# A&C influenced computer desk



## Kudzu (Dec 23, 2008)

Been working on this off and on. This is something I really want to build. Actually I want to design a whole new set of funiture for my office and this is just the first piece.

No decisions have been made but i am thinking maple and Walnut. Not a big fan of two tones pieces but I like this one. I prefer solid wood furniture but I am considering plywood for most of this one. It make is simpler to construct and nice and solid since it will be used for many years.

The computer tower will go on one of the lower units. The other will get a few drawers. This will most likely be a credenza. My plan is separate table/desk in front of this unit. But I am still back and forth on that one.


----------



## justin2009 (Jan 5, 2009)

I like that. It's nice to have a place to store the computer out of the dust.

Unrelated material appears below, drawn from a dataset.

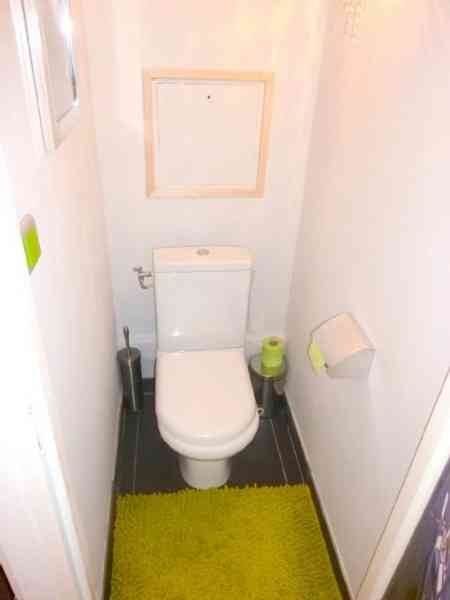 location vacances appartement&nbsp; Gironde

My computer gets so nasty sitting on the floor beside the desk. That will look nice in two tone or all the same, either way!


----------



## BHOFM (Oct 14, 2008)

One thing I see over and over on computer desks
is lack of ventilation. Leave the back open and a 
gap at the top of the door. 

Or get them up higher and more in the open.

I am always plugging something in or changing
disc and having it a lower cabinet would not work
at all for me.

The is my answer, I have had this a couple of years
and if I had it to do over, I would do it just the same.

It is made of old crates and pallets and some trash
plywood, I used laminate flooring for the tops.


----------



## johnep (Apr 12, 2007)

Noting the three screens and foot pedals, are you into flight simulation?
johnep


----------



## BHOFM (Oct 14, 2008)

johnep said:


> Noting the three screens and foot pedals, are you into flight simulation?
> johnep



http://www.woodworkingtalk.com/f15/games-we-play-6573/


----------



## Kudzu (Dec 23, 2008)

Not into gaming. Only number crunching and some design work. I put in an updated CD each month from a service I subscribe too and that about it unless something catastrophic happens.

Good point about ventilation. I realized I had it boxed in the other night. I am thinking about leaving the back mostly open to allow for that. I need some framework to keep it rigid though.


----------